Digital Engineering Fundamentals
Est. read time: 5 minutes | Last updated: November 07, 2024 by John Gentile
Contents
- Overview
- Resets
- Timing
- Designing for Performance
- Designing for Power
- Digital Design Process & Tools
- References
Overview
People who are really serious about software should make their own hardware- Alan Kay
One of the keys to digital design when working with HDL languages is “what will this synthesize to in real hardware?”
In general, digital design can take a lot of cues from SW: code reviews, tooling, algorithms, etc. especially for Continuous Integration (CI) as the same needs as SW are present (automated regression tests, automated builds, hooks with Git repo, etc.); thus, testbenches (unit level or BFM) that are not self-checking are not useful for these CI tests, or even a new reader of the design (e.g. self-documenting code).
Resets
I/O resets are asynchronous (for safety in case no clocks), but everything internal should be synchronous, especially since how FPGAs define FFs now
Timing
- Setup & Hold Times
- Minimize routing and logic delay
- High routing delay is indicative of high design congestion (e.g. an FPGA design > 80% utilization) or high signal fanout
- Fanout is when one registered signal drives some number of “loads” (e.g. receiving registers). The most common high fanout signal is resets which drive many circuits. Pipelining, or adding registers, to these signals can help reduce high fanout; and specifically for resets, only resetting logic that needs to be reset (e.x. some components with buses that have valid/ready handshaking, need only reset those handshake/control signals).
- High logic delay is indicative of many Levels of Logic (LoL)
- Levels of Logic (LoL) is how many gates a signal path must propagate through between register (e.g. flip-flop) stages. The more levels of logic, the longer the logic delay, and the harder it is to meet timing. Similar to above, adding pipelining/registers- or reducing the amount/complexity of combinatorial logic- reduces LoL.

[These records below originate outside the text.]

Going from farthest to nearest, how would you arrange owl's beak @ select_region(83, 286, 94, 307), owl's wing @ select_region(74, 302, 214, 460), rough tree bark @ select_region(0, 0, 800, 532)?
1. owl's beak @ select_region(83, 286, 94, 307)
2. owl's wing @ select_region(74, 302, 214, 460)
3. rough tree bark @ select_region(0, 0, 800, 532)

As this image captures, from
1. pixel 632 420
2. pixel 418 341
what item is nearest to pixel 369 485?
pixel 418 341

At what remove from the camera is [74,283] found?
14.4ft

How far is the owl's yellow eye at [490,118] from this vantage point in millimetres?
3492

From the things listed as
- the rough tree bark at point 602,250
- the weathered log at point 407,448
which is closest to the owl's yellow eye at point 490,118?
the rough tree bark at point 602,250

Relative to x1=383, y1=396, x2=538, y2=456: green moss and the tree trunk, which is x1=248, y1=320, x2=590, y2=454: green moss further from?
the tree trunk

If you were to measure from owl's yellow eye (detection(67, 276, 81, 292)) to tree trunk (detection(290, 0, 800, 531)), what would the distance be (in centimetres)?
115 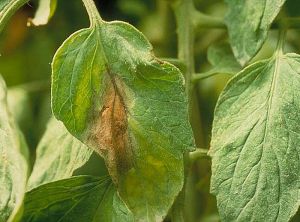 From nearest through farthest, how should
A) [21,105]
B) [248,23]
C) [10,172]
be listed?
[10,172] < [248,23] < [21,105]

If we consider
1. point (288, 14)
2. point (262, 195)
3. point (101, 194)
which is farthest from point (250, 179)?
point (288, 14)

- Note that the true LoL measure comes after Synthesis, as the tool maps combinatorial logic into device specific resources (e.g. LUT, RAM, MUX, etc.). Reading synthesis reports (such as Vivado’s
report_design_analysis
) is thus critical to measure LoL, and to see which paths have the highest levels of logic (focus on these paths first if timing not met).

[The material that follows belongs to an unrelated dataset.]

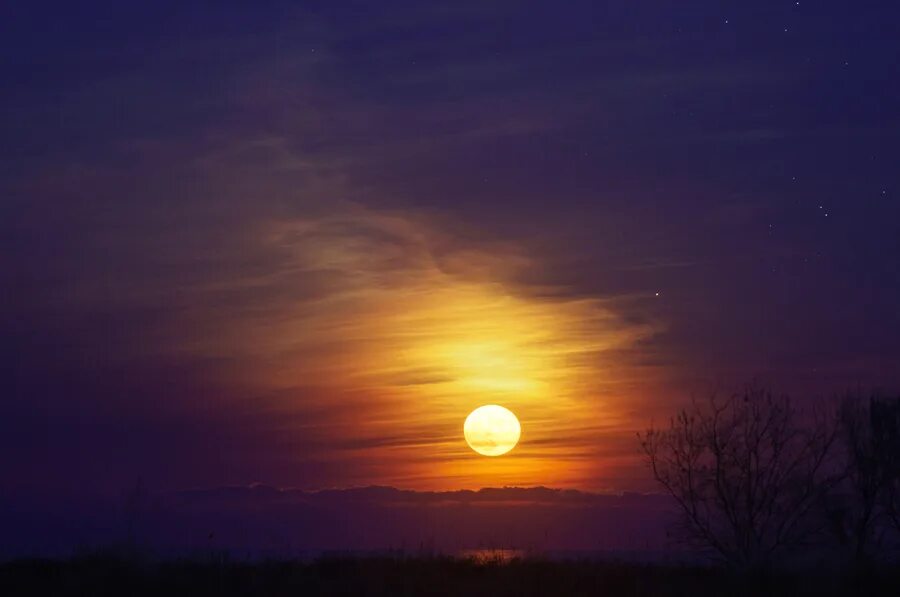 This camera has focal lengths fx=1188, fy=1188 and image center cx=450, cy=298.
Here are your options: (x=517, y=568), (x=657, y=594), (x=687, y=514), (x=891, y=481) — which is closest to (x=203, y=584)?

- High routing delay is indicative of high design congestion (e.g. an FPGA design > 80% utilization) or high signal fanout
- Place-and-Route (PaR) tools optimize the hardest (“critical”) paths first. So even highly registered logic in other places in a design can fail (e.g. due to high routing delay) when other paths with high LoL are prioritized first (the synth tool assumes you know what you’re doing, and that high LoL is on purpose).
- Different synthesis & PaR strategies to help
- For very large devices (e.g. Stacked Silicon Interconnect (SSI)), register across Super Logic Regions (SLR) boundaries with custom directives/constraints
Designing for Performance
- Pipeline early & often: in modern digital targets (like FPGAs), flip-flops are likely the cheapest resource in the programmable fabric. Thus while designing, err on the side of more inferred registers; this increases your chances on meeting static timing the first time. Worst case, further optimization can remove unnecessary FFs. Remember that premature optimization is a folly in engineering design.

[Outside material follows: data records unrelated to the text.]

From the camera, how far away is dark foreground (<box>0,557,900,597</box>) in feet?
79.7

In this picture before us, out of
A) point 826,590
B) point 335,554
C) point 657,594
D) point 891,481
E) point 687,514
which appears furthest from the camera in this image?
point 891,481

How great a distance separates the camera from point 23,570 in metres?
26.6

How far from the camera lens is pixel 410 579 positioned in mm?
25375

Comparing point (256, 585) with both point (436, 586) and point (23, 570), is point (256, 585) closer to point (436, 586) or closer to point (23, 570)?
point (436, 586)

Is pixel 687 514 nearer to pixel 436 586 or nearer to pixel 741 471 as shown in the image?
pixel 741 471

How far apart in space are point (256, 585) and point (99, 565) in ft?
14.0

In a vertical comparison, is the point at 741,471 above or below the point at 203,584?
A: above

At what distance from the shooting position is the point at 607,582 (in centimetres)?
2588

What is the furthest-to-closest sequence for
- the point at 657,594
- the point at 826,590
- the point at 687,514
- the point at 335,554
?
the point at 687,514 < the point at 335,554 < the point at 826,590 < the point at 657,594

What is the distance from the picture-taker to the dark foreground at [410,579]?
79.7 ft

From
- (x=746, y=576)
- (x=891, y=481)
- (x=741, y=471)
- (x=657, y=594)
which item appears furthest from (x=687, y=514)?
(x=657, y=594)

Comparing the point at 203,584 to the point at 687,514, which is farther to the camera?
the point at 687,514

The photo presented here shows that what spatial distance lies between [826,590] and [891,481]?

- When working with large RAM primitives that span multiple blocks (e.x. multiple block RAMs (BRAM) chained together to create large FIFOs/tables), registering between RAM blocks can help meet timing if the read/write latency can tolerate it.
- Based on requirements, HDL designs should maintain a balance between portability (e.g. using vendor/tool agnostic code patterns) and optimizing for device-specific primitives/features (e.g. coding for inference of primitives such as DSP or RAM blocks, to direct vendor component instantiation).
- Sometimes simple coding style changes can have very different synthesis/implementation results, while having exactly the same functionality (e.g. cycle-accurate behavior).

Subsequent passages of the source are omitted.